RSS Feed Generation with C#

csharp, development, aws, s3, rareburg, rss comments edit

Recently I got burned by another Windows update and my favorite podcatcher on the desktop, Miro, stopped functioning. I was already planning to develop something on my own so that I wouldn’t have to manually backup OPMLs (I’m sure there must be neat solutions already but again couldn’t resist the temptation of DIY!). So started exploring RSS feeds and the ways to produce and consume them. My first toy project is a feed generator for Rareburg, one of my favourite sites, Knowledge Base. Word on the street is the official feed for articles is on its way. Before it’s out there I decided play around with their API and generate my own feed.

Implementation

I developed a console application in C# that can be scheduled to generate the feed and upload it to AWS S3. Source code is here

Apparently .NET Framework has a System.ServiceModel.Syndication namespace since version 3.5 that contains all the tools need to consume and create an RSS feed with a few lines of code. The core part of the application is the part that generates the actual feed:

public SyndicationFeed GetFeed(List<Article> articles)
{
    SyndicationFeed feed = new SyndicationFeed(_feedServiceSettings.Title, _feedServiceSettings.Description, new Uri(_feedServiceSettings.BaseUri));
    feed.Title = new TextSyndicationContent(_feedServiceSettings.Title);
    feed.Description = new TextSyndicationContent(_feedServiceSettings.Description);
    feed.BaseUri = new Uri(_feedServiceSettings.BaseUri);
    feed.Categories.Add(new SyndicationCategory(_feedServiceSettings.Category));

    var items = new List<SyndicationItem>();
    foreach (var article in articles
        .Where(a => a.ispublished)
        .Where(a => a.ispubliclyvisible)
        .OrderByDescending(a => a.publisheddate))
    {
        var item = new SyndicationItem(article.title, 
            article.bodysnippet,
            new Uri (string.Format(_feedServiceSettings.ArticleUrl, article.slug)),
            article.articleid.ToString(),
            article.publisheddate);
        
        item.Authors.Add(new SyndicationPerson("", article.authorname, string.Format(_feedServiceSettings.UserUrl, article.user.username)));
        items.Add(item);
    }
    
    feed.Items = items;
    return feed;
}

The feed itself is independent from the format (RSS or Atom). The classes that do the actual formatting are derived from the abstract SyndicationFeedFormatter class: Rss20FeedFormatter and Atom10FeedFormatter. The format is read from the config file so the application supports both formats.

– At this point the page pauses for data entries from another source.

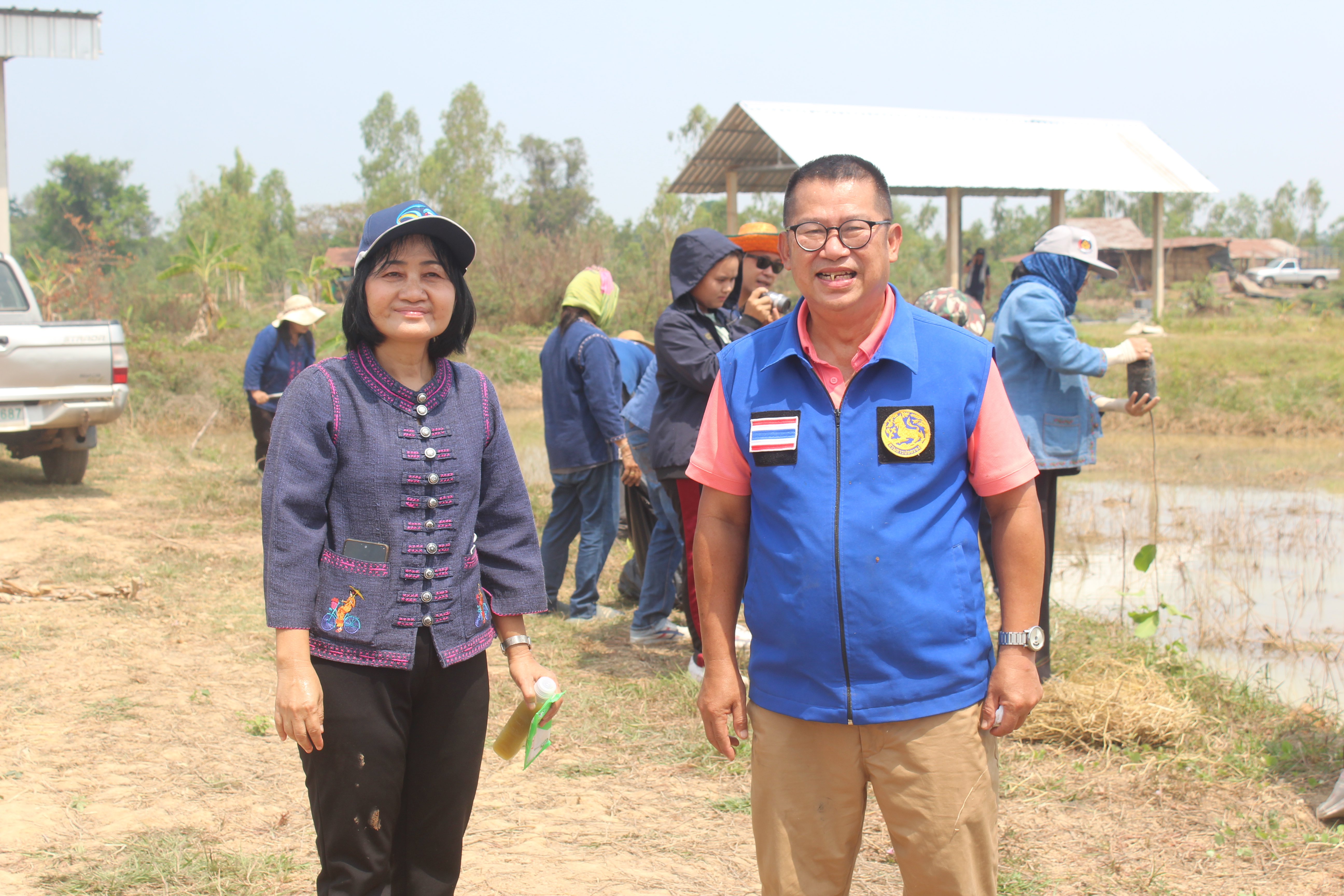 ☘พช.ยโสธร ชวนหิ้วปิ่นโต ไปเอามื้อสามัคคี ถือจอบเสียม พลิกฟื้นแผ่นดิน ณ พื้นที่เรียนรู้ชุมชนต้นแบบการพัฒนาคุณภาพชีวิต CLM ตำบลฟ้าหยาด อำเภอมหาชนะชัย จังหวัดยโสธร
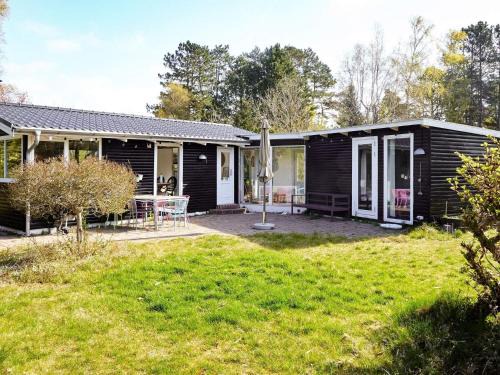 Hoensinge House | Cozy Retreat in Ellinge Lyng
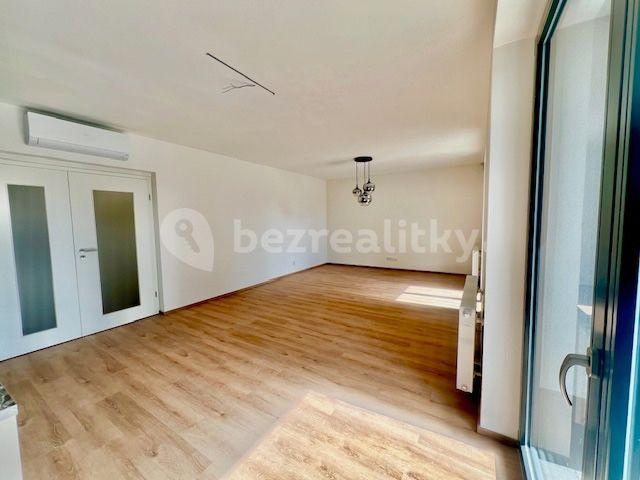 Prenájom bytu 5-izbový 250 m², Podbělohorská, Praha, Praha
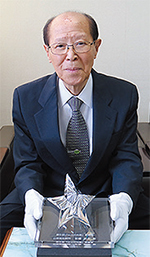 トロフィーを手に喜びを語る加藤医師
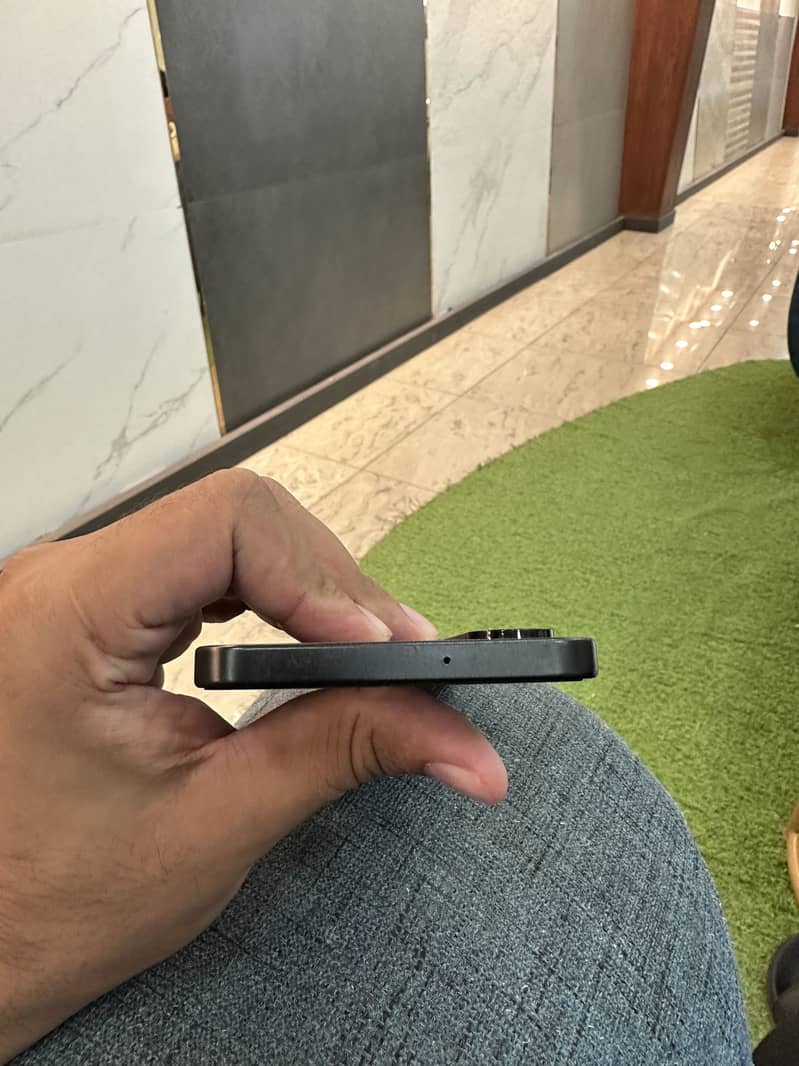 Samsung Mobile A127 1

public SyndicationFeedFormatter CreateFeedFormatter(SyndicationFeed feed)
{
    string feedFormat = _feedSettings.FeedFormat;
    switch (feedFormat.ToLower())
    {
        case "atom": return new Atom10FeedFormatter(feed);
        case "rss": return new Rss20FeedFormatter(feed);
        default: throw new ArgumentException("Unknown feed format");
    }
}

and in the publisher service it gets the output feed:

var memStream = new MemoryStream();
var settings = new XmlWriterSettings(){ Encoding = Encoding.UTF8 };
using (var writer = XmlWriter.Create(memStream, settings))
{
    feedFormatter.WriteTo(writer);
}

I added the output of the API call as a JSON file under samples. Also implemented a fake API client called OfflineRareburgClient. It reads the response from a file instead of actually making an API call. It comes in handy if you don’t have an Internet connection or a valid API key. To use it in offline mode you have to change the the line that creates the client from this

var rareburgClient = new RareburgClient(configFactory.GetApiSettings());

to this

var rareburgClient = new OfflineRareburgClient(configFactory.GetOfflineClientSettings());

Lessons learned / Implementation Notes

So since the motivation behind the project is to learn more about manipulating RSS by myself here’s a few things that I’ve learned and used:

  • I created an IAM account that has write-only access to the bucket the feed will be stored in. It works with default permissions which is private access. But since RSS reader service will need access to the feed I had to upload the file with public access, Apparently changing ACL requires different permissions, namely s3:PutObjectAcl. Weird thing is just replacing s3:PutObject with s3:PutObjectAcl didn’t work either. They had to be both allowed. So after a few retries the final policy shaped up to be like this:
{
    "Version": "2012-10-17",
    "Statement": [
        {
            "Sid": "Stmt1418647210000",
            "Effect": "Allow",
            "Action": [
                "s3:PutObject",
                "s3:PutObjectAcl"
            ],
            "Resource": [
                "arn:aws:s3:::vp-public-temp/*"
            ]
        }
    ]
}
  • In this implementation I used Visual Studio’s neat feature Paste JSON As Classes.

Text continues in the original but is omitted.